Avukatlar, tüm katliam davalarında delillerin toplanmasını, gerçeklerin ve katliamlardan sorumlu herkesin bir an önce ortaya çıkarılması için tüm soruşturma ve kovuşturmaların uluslararası standartlar ve ceza ilkeleri gözetilerek yapılmasını ve firari sanıkların bir an önce yakalanması için gerekli çalışmaların yapılmasını talep etti.
“IŞİD’lilere ‘ne istediniz de yapmadık’ diyen…”
“Katliam failleri IŞİD’lilerden ibaret değil; devletin sorumluluğunu gizleyemezsiniz” diyen avukatlar, bunun sebeplerini şöyle sıraladı:
- Katliamdan 10 gün önce bomba malzemesi aldığı ihbar edilmesine rağmen canlı bombaları taşıyan Yakub Şahin’e dokunmayan,
- Sınırda devlet adına IŞİD’lilerle pazarlık yapıp, “ne istediniz de yapmadık” diyen,
- Katliam faillerinden ve IŞİD’in Türkiye’deki üst düzey yöneticilerinden olan Nusret Yılmaz’ı Gürcistan makamları tarafından iki kez geri gönderilmesine rağmen serbest bırakan,
- Türkiye’deki katliamları organize eden ve hakkında yakalama kararları bulunan Yunus Durmaz’ı yeri ve telefonu tespit edilmesine rağmen yakalamayan,
- Görev ve sorumluluklarını yerine getirmedikleri Mülkiye Müfettişlerinin raporlarıyla sabit olan onlarca istihbarata rağmen mitingle ilgili gerekli önlemleri almayan,
- 10 Ekim günü Ankara’da arama noktalarını kaldıran, yaralıların üzerine gaz sıkan, ambulansları alana sokmayan,
- Bomba düzeneği olan çantada kimliği bulunan Metin Akaltın’ı araştırmayan,
- Gaziantep’te, sonradan çoğu katliamda rolü bulunan IŞİD’lileri 2012-2015 yılları arasında izleyip hiçbir şey yapmayan,
- Üzerinden bir esiri infaz görüntüleri çıktığı halde Ahmet Güneş’i tahliye ederek Suriye’ye kaçıp katliamları örgütlemesini sağlayan,
- Sınır geçişlerini organize ederek canlı bombaların ve binlerce IŞİD militanının geçmesini sağlayan İlhami Balı’nın yıllarca telefon görüşmelerini kaydedip onu yakalamayan,
- Gaziantep’te tüm katliam faillerinin buluştuğu ve IŞİD’in eğitim ve faaliyet merkezi olarak kullandığı Genç Müslümanlar vb. derneklerde yıllarca militan yetiştirilmesine göz yuman,
- Eşleriyle birlikte Suriye’ye giderek çatışmalara katılan, eğitim çalışmaları yapan IŞİD’li kadınları serbest bırakan,
- Evrak dolaplarında katliamla ilgili delilleri saklayan, katliamın talimatını veren Ebu Zeyneb’i dahi yargılamaya dahil etmeyen, gerçek failleri saklayan kamu görevlilerini yargılamak zorundasınız.

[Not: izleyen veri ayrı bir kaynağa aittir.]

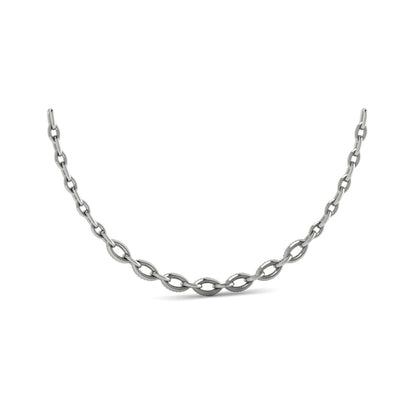 Open Navette Silhouette wtih Diamonds Necklace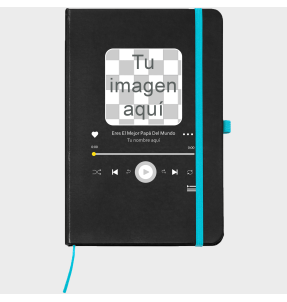 Bloc de notas A5 para el día del padre diseño Canción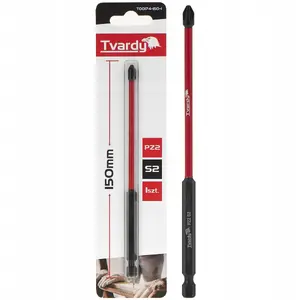Screwdriver Bit PZ2 150 mm S2 pack — Tvardy (mpn 5901477193026)
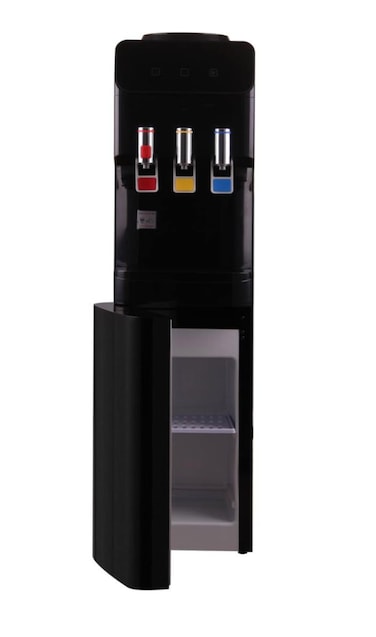 Hot &amp; Cold Water Dispenser with Refrigerator  3-Tap Water Cooler Hot, Cold, Normal &ndash; Fast Cooling Water Tank Dispenser with Mini Fridge Standing Water Cooler
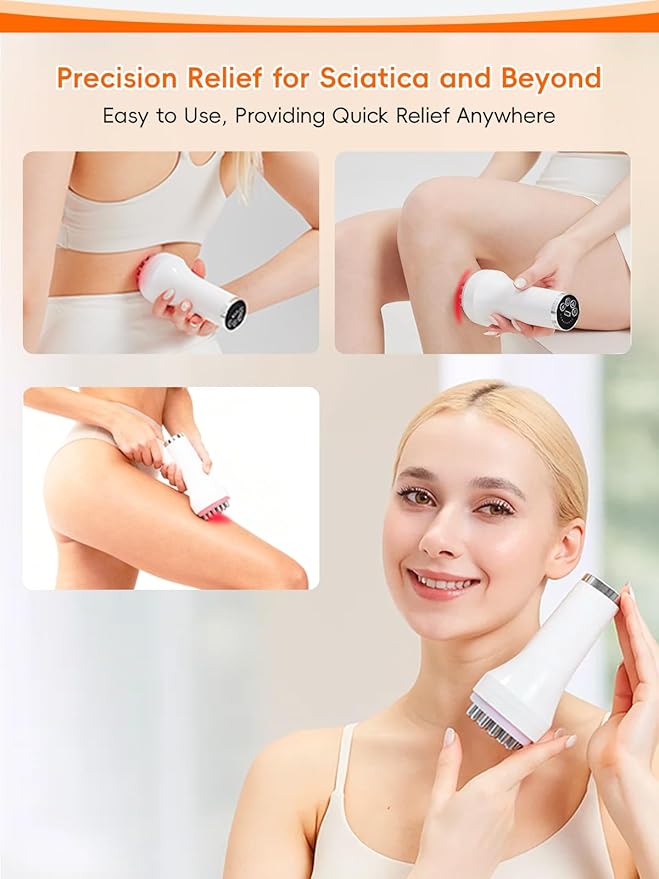 DiDEER Sciatica Pain Relief Devices, Deep Tissue Massager with Multi-Mode Technology,Heat & Light, Targeted Relief for Sciatic Nerve & Lower Back Pain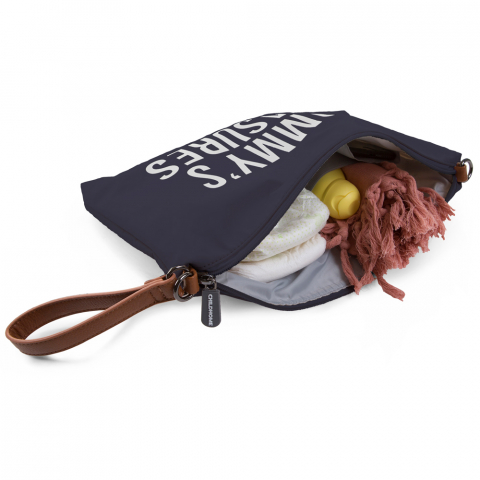 Poseta Childhome Mommy Clutch 33x23 cm Bleumarin [2]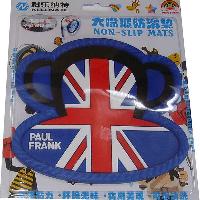 Коврик на панель ванночка 170*150 мм форма Голова обезьяны / Флаг Британии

Cezasızlık politikası devam ediyor |
Avukatlar ayrıca, cezasızlık politikasının devam ettirildiğini belirterek dosyaların bir şekilde kapatılmaya çalışıldığını açıkladı: “Katliamın soruşturması esnasında olduğu gibi yargılaması boyunca da deliller toplanmamış, tanıklar dinlenmemiştir. Halen süren yargılama boyunca avukat komisyonumuzun gerçek faillerin bulunmasına yönelik tüm talepleri reddedilmiştir. Faillerle ilişkisi saptanan ya da görev ve sorumluluklarını yerine getirmediği anlaşılan kamu görevlileri hakkında hiçbir işlem yapılmamıştır. Üstelik davaya başından beri bakan mahkeme heyetinin tüm üyeleri ve duruşma savcısı aniden değiştirilmiştir. En son, katliamın bomba malzemeleri alırken ihbar edilen Yakub Şahin’le ilgili ihbar evrakını saklayan soruşturma savcıları hakkında yaptığımız şikayet, Yargıtay tarafından hiçbir gerekçe gösterilmeksizin tek satırla reddedilmiştir. Bütün bunlar Ankara katliamıyla ilgili sürecin bitirilmeye çalışıldığını ve biz gerçek faillere ulaşmaya çalıştıkça, önümüze daha fazla duvarlar çekildiğini açıkça göstermektedir. Aynı şekilde firari sanıkların bulunduğu, tutuklu tek sanığın ise tek bir duruşmaya bile bizzat katılmasının sağlanmadığı Suruç katliamı dosyasında da aynı eksikliklerle yargılama yürütülmüş, deliller tam olarak toplanmadan ve gerçek failler açığa çıkarılmadan karar verilmiştir. Yine Diyarbakır miting katliamı dosyasında da aynı gelişmeler ve eksiklikler yaşanarak karar verilmiş, hatta sanıklarla çok sıkı ilişkisi olduğu anlaşılan bir sanık, dosyada aleyhinde deliller bulunmasına rağmen beraat ettirilmiştir. Bütün bunlar bir arada düşünüldüğünde 2015 dönemindeki katliam dosyalarının tıpkı daha önceki yıllarda yapılan katliam yargılamalarında olduğu gibi mevcut sanıklar ve mevcut delillerle bir an önce kapatılmaya çalışıldığı açıkça görülmektedir.” |
(AS)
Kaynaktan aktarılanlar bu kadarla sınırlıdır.